Chloroquine has also been found to produce hypotension, an effect attributed to depression of cardiac contractility on the basis of the observation that systolic blood pressure fell before diastolic pressure (Olatunde, 1970). Chloroquine in dogs produces significant reductions in cardiac contractility and vascular resistance (Sofola, 1980). In the present work, we found that chloroquine at concentrations of 1 µM and higher inhibited I_Ca-L. This effect can at least partially explain the depression in cardiac contractility induced by the drug. In addition, during acute chloroquine poisoning, third degree atrioventricular block (Verny et al., 1992; Guedira et al., 1998) and cardiac arrest (Clemessy et al., 1996) have been reported. These effects may also be explained by the inhibition of I_Ca-L and I_Na.

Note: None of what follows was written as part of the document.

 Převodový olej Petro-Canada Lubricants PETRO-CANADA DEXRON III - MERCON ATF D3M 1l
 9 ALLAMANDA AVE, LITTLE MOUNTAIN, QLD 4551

In addition to the impaired intraventricular conduction and the excessive lengthening in QT interval as a possible mechanism responsible for the proarrhythmic effects of chloroquine, the increase in automaticity induced by the drug can also be a potential cause of arrhythmias. The decrease in diastolic membrane potential and increase in automaticity induced by chloroquine can be explained by its blocking effects on I_K1. During phase 4 of the Purkinje fibers action potential, slow depolarization results from activation of the pacemaker current (I_f) (DiFrancesco and Noble, 1985). Because the maximum diastolic potential is near 90 mV, the decay of the delayed rectifying outward current contributes only a very small current during phase 4. On the other hand, I_K1 carries a very significant outward current during the pacemaker depolarization, which largely balances the inward current carried by I_f channels. For this reason, factors that change I_K1 have a large effect on Purkinje fiber rhythm and the maximum diastolic potential (Noble, 1995). However, a direct effect of chloroquine on I_f or electrogenic exchangers and pumps such as Na⁺/K⁺ pump cannot be discounted.

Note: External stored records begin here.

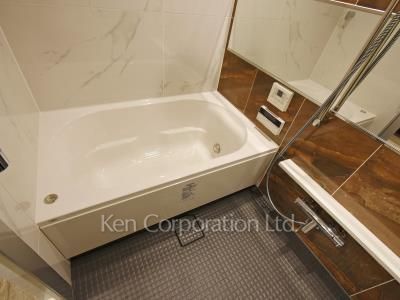Bath ※Photo of the same layout on 4 floor. Decoration and fixture may differ.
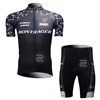 2013 BONTRAGER Cycling Jersey Short Sleeve and Cycling Shorts Cycling Kits S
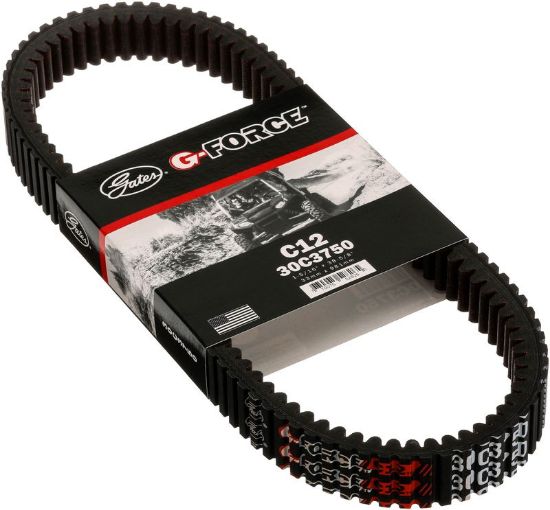 CVT Drive Belt 30C3750 G-FORCE C12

The most frequent cardiovascular manifestations during chloroquine treatment are the electrocardiographic changes, diminution of the T wave, and prolongation of the QTc interval (Bustos et al., 1994; Bouree, 1997). These effects can be explained by the action potential duration increase induced by the drug. Clinical and animal data support the hypothesis that acquired forms of long QT syndrome result from prolonged repolarization that leads to early afterdepolarizations and triggered arrhythmias (Surawicz, 1989). Early afterdepolarizations can be induced by block of potassium currents such as I_K1 or I_Kr (Kaseda et al., 1989), by activation of L-type Ca²⁺ current (January and Riddle, 1989), or inhibition of Na⁺ current inactivation (Boutjdir and El-Sherif, 1991). The most common mechanism of drug-induced torsades de pointes is I_Kr inhibition. In our experiments, chloroquine did not induce early afterdepolarizations; however, under voltage-clamp conditions, the most prominent effect of chloroquine on cardiac membrane currents was a marked reduction of I_K1 and I_Kr. The marked reduction of both I_K1 and I_Kr can explain the prolongation of action potential duration induced by the drug (Harris et al., 1988). On the other hand, the reduction of I_Na and I_Ca-L induced by chloroquine may limit the prolongation of action potential duration and the appearance of afterdepolarizations.

In conclusion, we have found that the antimalarial drug chloroquine at clinically relevant concentrations inhibited several currents in cat ventricular myocytes. These effects can explain most of the electrophysiological modifications and proarrhythmic effects reported for chloroquine in mammalian cardiac preparations.